=== Your objective ===
The listing below contains a span that opens with the line containing "Frank Pakey dancing" and closes with the line containing "Cotton String Screw". Return that span exactly.
** Opening Record set block **
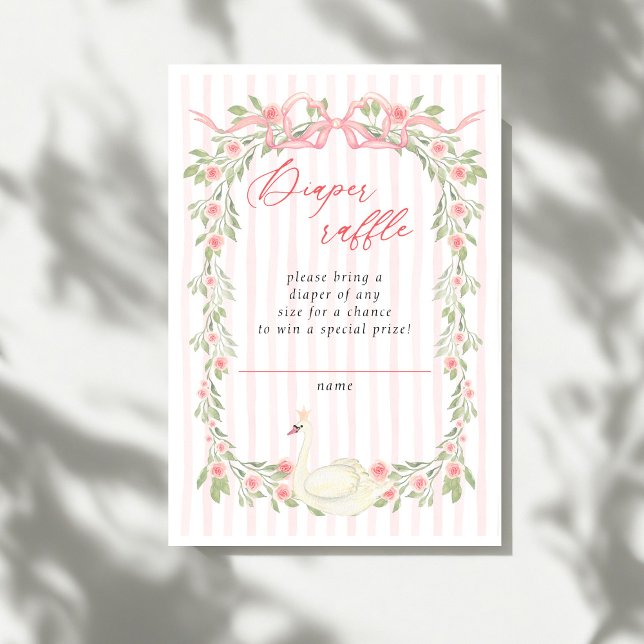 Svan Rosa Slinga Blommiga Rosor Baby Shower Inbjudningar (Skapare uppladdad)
** Closing Record set block **
** Opening Record set block **
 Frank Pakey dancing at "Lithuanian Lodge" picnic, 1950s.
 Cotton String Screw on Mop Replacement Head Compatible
** Closing Record set block **
=== Result for this exercise ===
 Frank Pakey dancing at "Lithuanian Lodge" picnic, 1950s.
 Cotton String Screw on Mop Replacement Head Compatible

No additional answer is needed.